= Stored data =

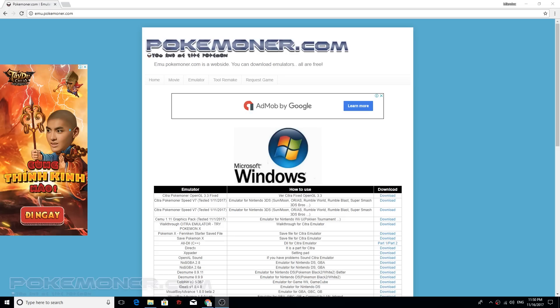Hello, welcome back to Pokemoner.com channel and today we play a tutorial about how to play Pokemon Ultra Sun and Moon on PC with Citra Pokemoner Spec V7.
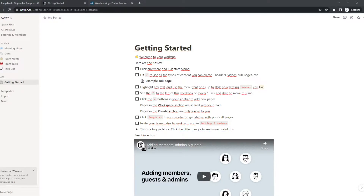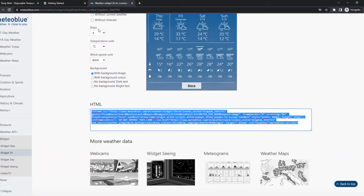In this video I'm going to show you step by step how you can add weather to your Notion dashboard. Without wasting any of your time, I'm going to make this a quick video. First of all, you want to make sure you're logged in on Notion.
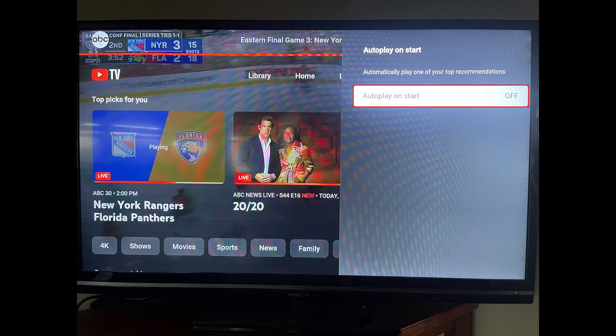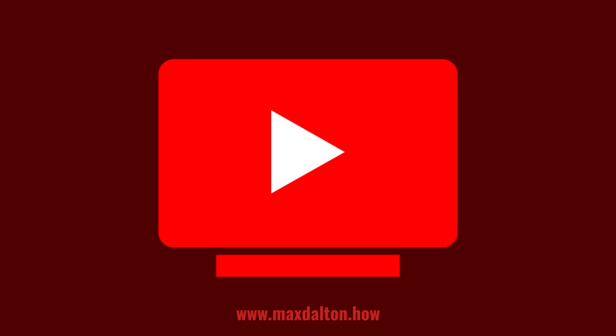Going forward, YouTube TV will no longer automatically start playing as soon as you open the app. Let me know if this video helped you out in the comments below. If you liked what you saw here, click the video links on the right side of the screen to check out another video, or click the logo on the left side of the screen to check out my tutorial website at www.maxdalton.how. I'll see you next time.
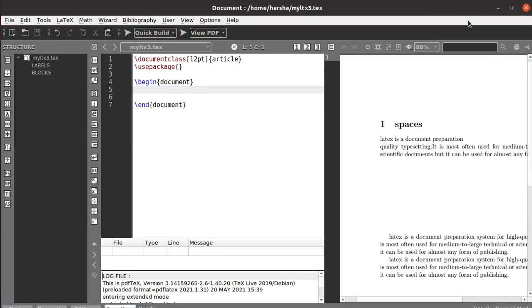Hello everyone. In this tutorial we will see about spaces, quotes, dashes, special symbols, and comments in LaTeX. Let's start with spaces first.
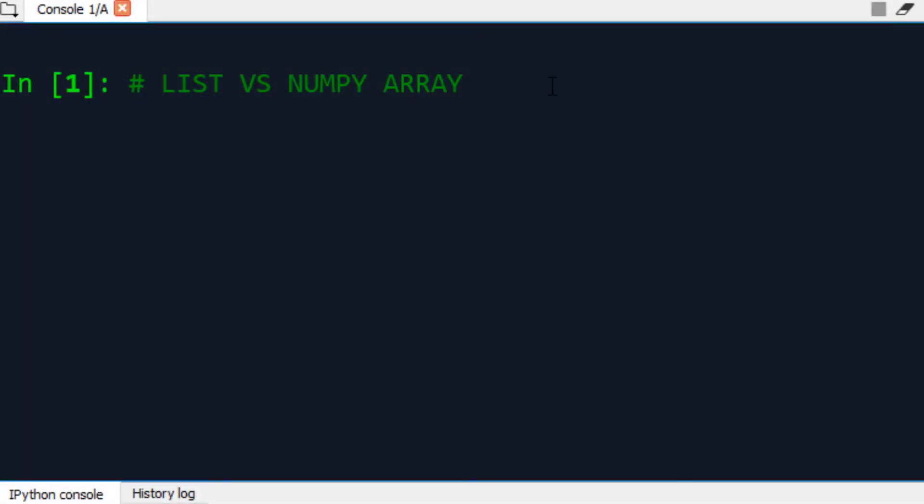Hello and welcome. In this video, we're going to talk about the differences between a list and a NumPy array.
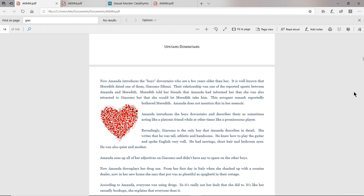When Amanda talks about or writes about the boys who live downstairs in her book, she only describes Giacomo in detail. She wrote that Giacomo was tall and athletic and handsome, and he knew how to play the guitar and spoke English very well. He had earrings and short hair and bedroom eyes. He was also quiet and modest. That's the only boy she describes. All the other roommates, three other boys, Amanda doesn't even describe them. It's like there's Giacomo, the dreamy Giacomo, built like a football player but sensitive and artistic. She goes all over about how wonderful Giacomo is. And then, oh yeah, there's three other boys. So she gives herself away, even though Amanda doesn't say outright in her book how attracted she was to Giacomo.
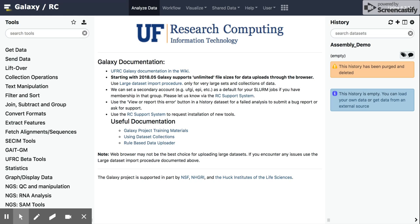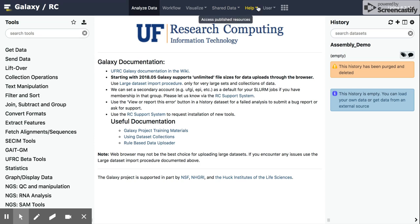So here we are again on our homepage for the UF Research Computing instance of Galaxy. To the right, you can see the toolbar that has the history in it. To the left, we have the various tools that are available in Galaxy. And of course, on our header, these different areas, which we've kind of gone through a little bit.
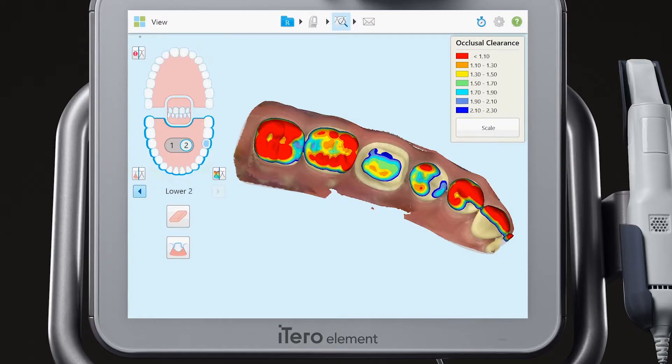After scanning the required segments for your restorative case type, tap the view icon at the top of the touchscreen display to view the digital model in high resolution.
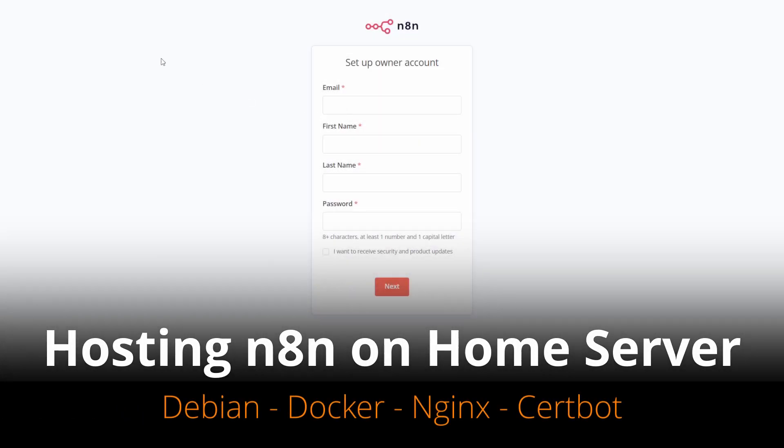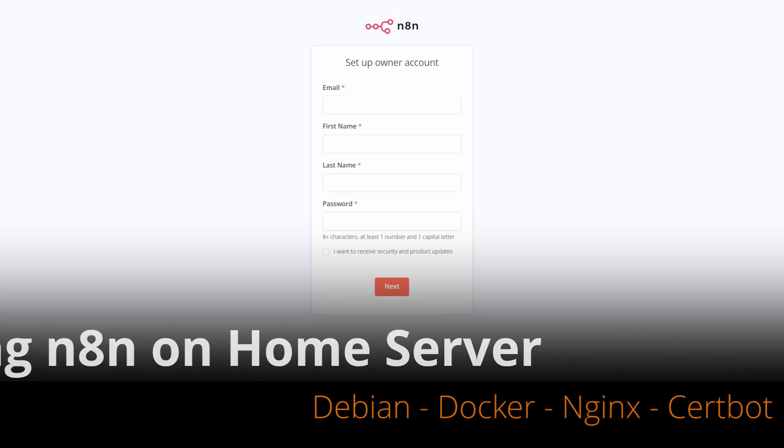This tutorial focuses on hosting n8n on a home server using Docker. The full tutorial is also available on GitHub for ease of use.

...

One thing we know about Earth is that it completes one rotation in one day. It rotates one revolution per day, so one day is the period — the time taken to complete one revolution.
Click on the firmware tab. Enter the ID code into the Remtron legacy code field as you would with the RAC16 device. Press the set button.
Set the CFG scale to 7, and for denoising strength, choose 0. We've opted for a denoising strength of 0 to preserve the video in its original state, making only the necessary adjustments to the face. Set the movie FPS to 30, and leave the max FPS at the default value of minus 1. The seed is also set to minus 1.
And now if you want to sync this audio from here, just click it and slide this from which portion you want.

--

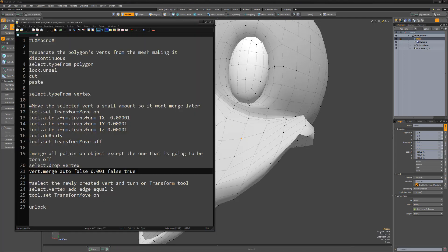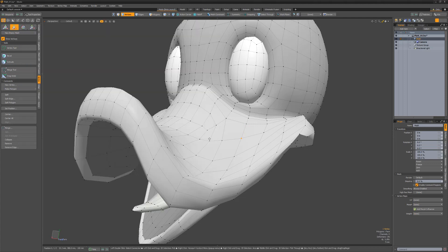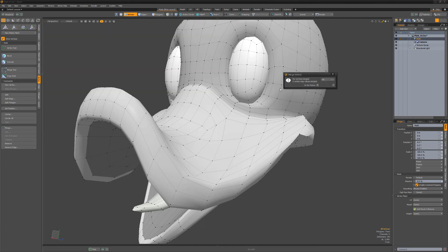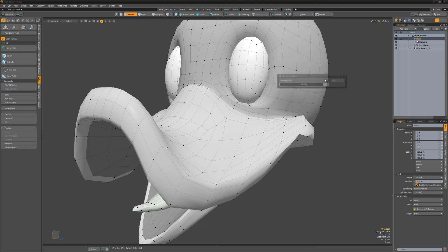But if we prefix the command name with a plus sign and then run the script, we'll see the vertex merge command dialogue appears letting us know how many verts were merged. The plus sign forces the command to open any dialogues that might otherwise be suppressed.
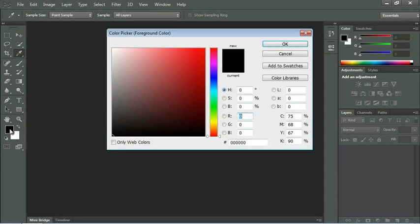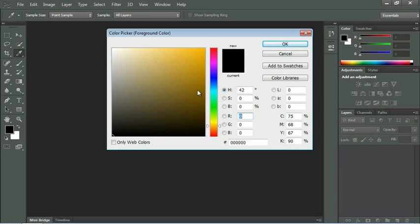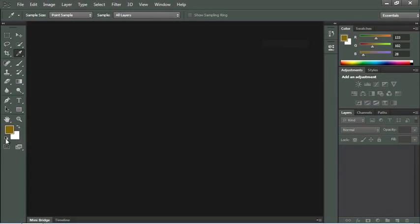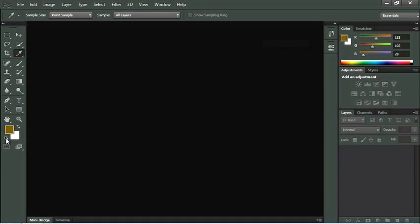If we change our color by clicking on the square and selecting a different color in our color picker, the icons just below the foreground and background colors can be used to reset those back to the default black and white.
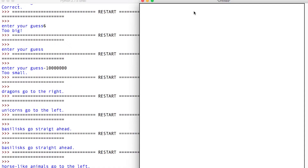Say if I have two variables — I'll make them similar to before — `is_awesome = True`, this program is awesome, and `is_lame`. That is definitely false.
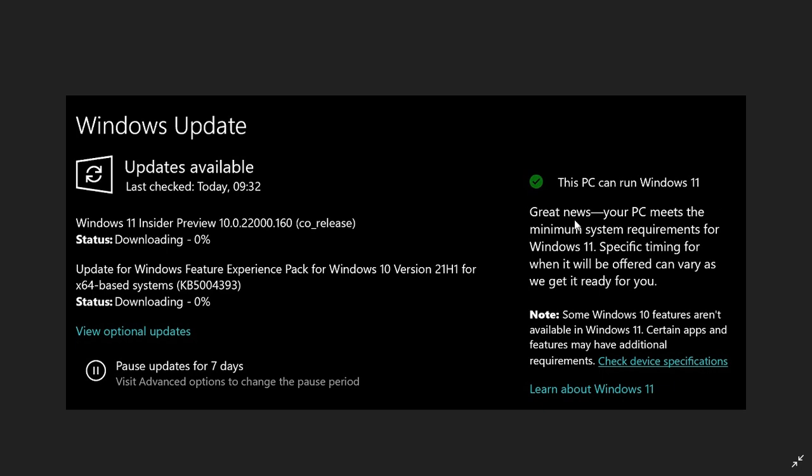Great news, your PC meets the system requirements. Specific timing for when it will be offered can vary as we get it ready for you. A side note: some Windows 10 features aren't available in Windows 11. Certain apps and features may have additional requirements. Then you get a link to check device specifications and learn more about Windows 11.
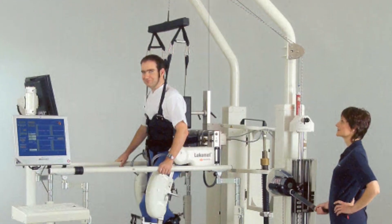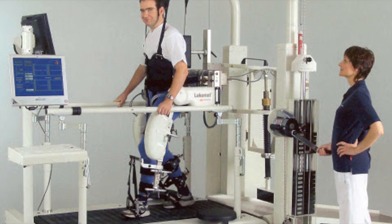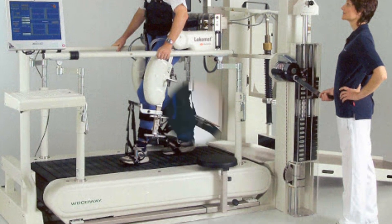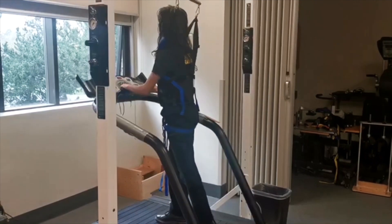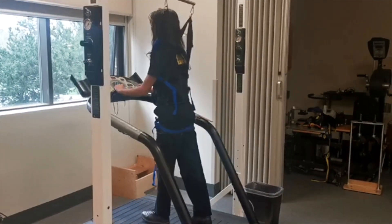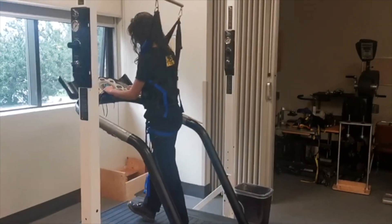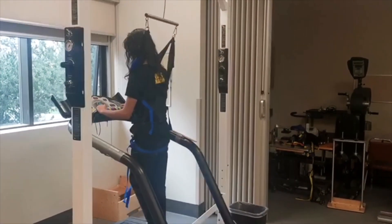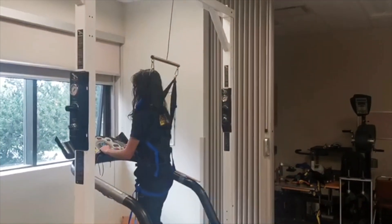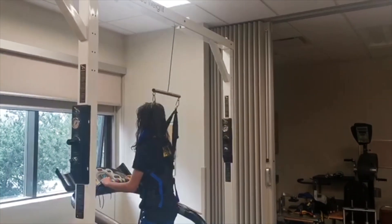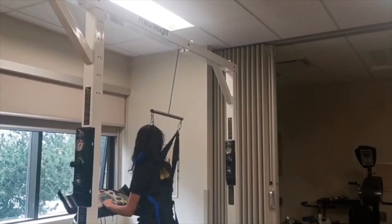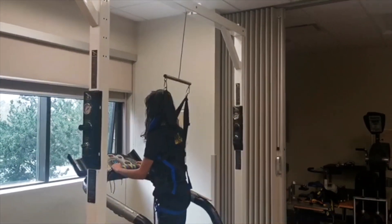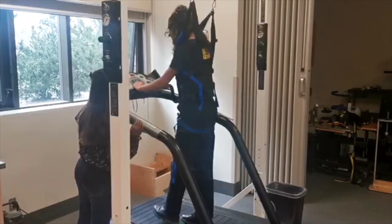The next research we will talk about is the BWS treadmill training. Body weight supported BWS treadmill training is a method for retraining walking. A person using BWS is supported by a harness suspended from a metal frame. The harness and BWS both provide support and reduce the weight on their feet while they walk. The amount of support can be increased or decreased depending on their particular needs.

= Work item =
The data above holds the lines to copy: start at the one with "Hello, welcome back", stop at the one with "In this video I'm", include both, copy them exactly without pictures, and copy nothing else.

= Exercise result =
Hello, welcome back to Pokemoner.com channel and today we play a tutorial about how to play Pokemon Ultra Sun and Moon on PC with Citra Pokemoner Spec V7.
In this video I'm going to show you step by step how you can add weather to your Notion dashboard. Without wasting any of your time, I'm going to make this a quick video. First of all, you want to make sure you're logged in on Notion.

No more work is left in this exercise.